SUPPLIED INFORMATION:
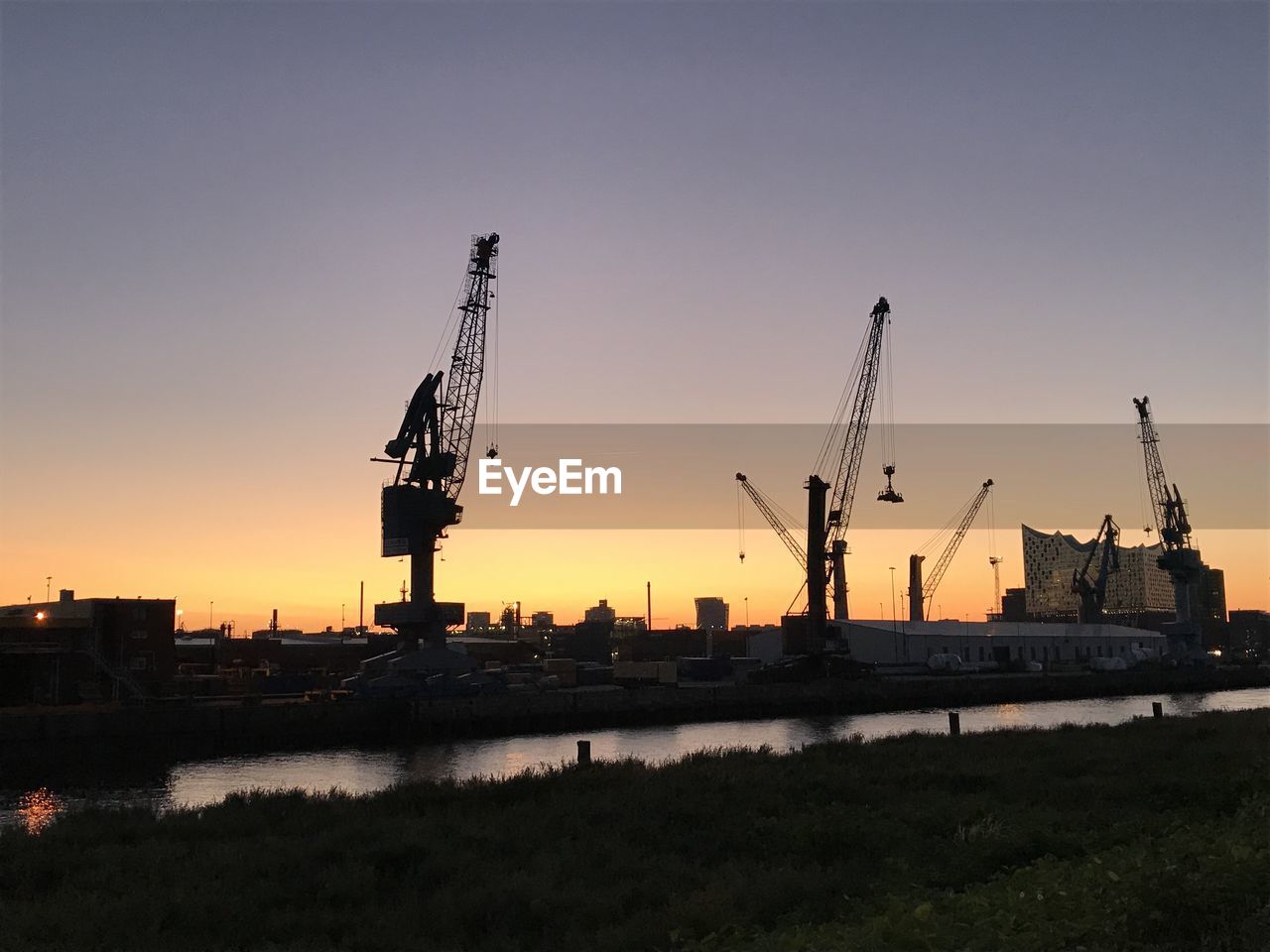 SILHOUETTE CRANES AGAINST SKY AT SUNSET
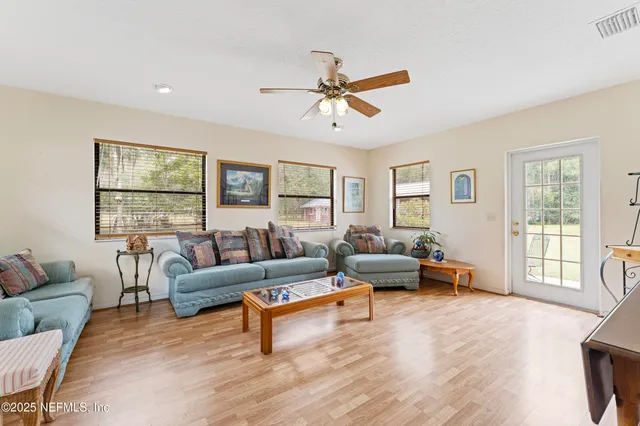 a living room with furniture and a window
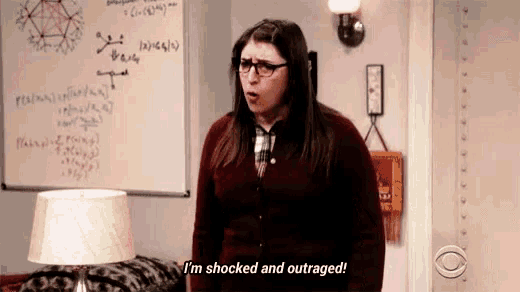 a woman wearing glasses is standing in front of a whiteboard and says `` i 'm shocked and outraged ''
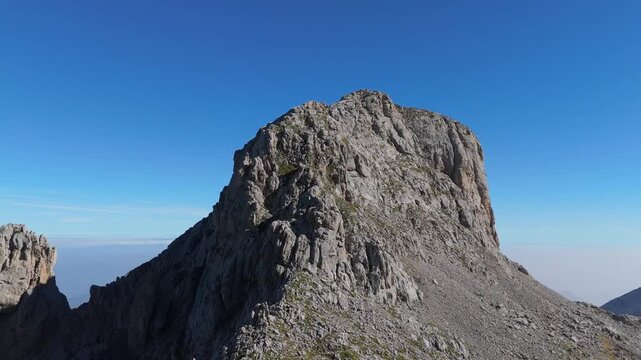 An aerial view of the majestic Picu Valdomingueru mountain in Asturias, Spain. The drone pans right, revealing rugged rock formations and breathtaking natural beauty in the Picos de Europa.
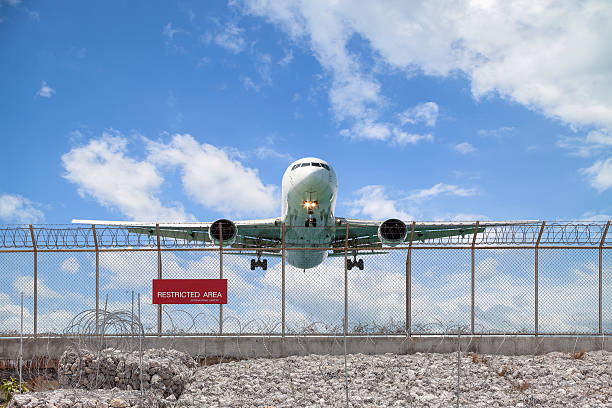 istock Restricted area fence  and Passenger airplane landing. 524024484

WHAT NEEDS TO BE DONE: Leaving out only the pictures, return the material above unchanged.

RESPONSE AREA:
 SILHOUETTE CRANES AGAINST SKY AT SUNSET
 a living room with furniture and a window
 a woman wearing glasses is standing in front of a whiteboard and says `` i 'm shocked and outraged ''
 An aerial view of the majestic Picu Valdomingueru mountain in Asturias, Spain. The drone pans right, revealing rugged rock formations and breathtaking natural beauty in the Picos de Europa.
 istock Restricted area fence  and Passenger airplane landing. 524024484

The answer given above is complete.